[Stored data]
/---
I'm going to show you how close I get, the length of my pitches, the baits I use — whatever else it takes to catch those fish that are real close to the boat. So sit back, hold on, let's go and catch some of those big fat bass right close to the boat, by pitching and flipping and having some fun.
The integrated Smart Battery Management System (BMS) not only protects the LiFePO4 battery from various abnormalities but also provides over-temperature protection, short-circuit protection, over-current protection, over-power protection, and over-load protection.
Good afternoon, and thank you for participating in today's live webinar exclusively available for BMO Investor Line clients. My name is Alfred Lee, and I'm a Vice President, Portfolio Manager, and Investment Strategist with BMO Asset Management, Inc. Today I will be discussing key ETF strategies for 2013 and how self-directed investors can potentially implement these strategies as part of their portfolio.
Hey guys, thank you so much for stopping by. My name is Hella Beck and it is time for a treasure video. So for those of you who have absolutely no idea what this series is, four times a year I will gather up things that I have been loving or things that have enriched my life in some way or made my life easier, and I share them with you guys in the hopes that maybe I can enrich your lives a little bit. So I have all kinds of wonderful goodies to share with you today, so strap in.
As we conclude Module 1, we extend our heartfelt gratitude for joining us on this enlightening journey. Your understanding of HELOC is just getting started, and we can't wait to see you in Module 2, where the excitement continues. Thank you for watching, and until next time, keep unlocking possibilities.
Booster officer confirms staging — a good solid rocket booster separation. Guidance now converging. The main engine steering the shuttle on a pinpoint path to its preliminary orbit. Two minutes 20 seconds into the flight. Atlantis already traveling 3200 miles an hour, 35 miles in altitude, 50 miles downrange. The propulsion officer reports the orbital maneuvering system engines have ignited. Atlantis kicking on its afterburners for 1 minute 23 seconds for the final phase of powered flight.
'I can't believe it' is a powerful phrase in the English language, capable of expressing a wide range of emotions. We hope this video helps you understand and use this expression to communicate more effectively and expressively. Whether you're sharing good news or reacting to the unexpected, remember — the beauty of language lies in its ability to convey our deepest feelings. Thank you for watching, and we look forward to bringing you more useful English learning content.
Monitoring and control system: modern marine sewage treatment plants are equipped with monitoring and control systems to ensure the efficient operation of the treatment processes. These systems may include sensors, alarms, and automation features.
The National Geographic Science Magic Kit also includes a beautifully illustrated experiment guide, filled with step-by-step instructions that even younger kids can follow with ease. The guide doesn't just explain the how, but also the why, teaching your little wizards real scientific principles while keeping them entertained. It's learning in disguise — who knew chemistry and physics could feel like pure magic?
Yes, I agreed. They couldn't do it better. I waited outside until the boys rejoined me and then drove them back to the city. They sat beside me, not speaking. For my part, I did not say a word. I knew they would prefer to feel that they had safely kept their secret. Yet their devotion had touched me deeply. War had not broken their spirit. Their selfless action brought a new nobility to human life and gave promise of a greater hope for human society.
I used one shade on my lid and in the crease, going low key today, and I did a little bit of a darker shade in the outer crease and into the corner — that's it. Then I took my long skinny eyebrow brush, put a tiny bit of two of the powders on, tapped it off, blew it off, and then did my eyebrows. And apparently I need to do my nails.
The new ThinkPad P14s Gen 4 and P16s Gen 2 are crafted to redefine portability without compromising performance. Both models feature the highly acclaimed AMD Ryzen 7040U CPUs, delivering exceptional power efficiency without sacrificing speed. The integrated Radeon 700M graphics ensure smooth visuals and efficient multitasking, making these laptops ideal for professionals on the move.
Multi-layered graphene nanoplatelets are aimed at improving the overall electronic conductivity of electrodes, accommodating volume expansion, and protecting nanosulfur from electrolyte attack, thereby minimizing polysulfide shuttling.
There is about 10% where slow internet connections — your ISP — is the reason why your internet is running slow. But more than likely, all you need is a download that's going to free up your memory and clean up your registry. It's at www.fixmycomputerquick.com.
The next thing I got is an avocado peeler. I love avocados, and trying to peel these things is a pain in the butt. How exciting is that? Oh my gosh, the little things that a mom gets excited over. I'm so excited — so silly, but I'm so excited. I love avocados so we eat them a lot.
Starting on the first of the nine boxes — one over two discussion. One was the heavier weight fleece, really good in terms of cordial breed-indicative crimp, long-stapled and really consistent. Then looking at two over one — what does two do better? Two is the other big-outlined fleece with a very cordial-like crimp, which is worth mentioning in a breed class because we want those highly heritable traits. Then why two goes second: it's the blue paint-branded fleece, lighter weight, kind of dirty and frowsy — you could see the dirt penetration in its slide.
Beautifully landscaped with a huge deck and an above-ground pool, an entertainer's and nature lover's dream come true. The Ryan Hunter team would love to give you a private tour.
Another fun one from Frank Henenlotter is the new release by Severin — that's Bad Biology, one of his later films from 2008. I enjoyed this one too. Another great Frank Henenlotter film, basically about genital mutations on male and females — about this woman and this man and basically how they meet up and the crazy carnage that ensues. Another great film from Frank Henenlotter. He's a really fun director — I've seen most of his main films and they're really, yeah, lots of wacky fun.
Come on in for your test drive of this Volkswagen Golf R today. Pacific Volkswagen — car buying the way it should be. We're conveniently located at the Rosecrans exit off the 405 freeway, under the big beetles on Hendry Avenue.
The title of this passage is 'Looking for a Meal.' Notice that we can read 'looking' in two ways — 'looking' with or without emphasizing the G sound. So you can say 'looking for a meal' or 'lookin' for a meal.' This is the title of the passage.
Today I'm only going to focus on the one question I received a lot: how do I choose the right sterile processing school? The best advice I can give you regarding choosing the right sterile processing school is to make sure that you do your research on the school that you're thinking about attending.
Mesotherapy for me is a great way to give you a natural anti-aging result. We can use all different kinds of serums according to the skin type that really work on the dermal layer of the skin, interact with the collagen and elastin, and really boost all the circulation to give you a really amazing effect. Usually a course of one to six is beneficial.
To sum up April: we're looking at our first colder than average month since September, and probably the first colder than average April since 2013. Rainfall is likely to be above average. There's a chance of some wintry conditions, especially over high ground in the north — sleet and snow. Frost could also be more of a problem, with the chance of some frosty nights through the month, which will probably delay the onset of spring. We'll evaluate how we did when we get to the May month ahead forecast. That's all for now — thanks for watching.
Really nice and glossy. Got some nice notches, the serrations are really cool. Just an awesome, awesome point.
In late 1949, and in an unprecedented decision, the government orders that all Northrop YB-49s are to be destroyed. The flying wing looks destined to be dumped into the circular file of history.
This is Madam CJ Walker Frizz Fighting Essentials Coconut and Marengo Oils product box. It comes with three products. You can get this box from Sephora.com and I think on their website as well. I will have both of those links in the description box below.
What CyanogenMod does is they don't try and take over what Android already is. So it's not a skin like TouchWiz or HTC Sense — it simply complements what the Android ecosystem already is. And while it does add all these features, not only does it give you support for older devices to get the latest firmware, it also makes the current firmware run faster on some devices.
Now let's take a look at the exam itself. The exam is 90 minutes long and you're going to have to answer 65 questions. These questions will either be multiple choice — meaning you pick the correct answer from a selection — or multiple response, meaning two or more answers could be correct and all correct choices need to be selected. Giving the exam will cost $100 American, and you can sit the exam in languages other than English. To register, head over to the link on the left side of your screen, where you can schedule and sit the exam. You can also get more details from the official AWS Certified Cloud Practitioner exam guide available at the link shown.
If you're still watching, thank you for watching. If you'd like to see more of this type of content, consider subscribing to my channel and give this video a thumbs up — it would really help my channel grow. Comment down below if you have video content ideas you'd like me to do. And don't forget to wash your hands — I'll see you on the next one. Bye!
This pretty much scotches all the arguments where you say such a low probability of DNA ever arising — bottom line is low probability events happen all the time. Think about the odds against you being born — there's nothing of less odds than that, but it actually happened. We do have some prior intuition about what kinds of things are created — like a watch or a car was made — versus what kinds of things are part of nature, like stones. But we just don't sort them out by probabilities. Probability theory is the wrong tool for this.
\---
EXERCISE INSTRUCTIONS
Which lines of the entries above contain the string "likely"? Copy each one.

EXERCISE SOLUTION
There is about 10% where slow internet connections — your ISP — is the reason why your internet is running slow. But more than likely, all you need is a download that's going to free up your memory and clean up your registry. It's at www.fixmycomputerquick.com.
To sum up April: we're looking at our first colder than average month since September, and probably the first colder than average April since 2013. Rainfall is likely to be above average. There's a chance of some wintry conditions, especially over high ground in the north — sleet and snow. Frost could also be more of a problem, with the chance of some frosty nights through the month, which will probably delay the onset of spring. We'll evaluate how we did when we get to the May month ahead forecast. That's all for now — thanks for watching.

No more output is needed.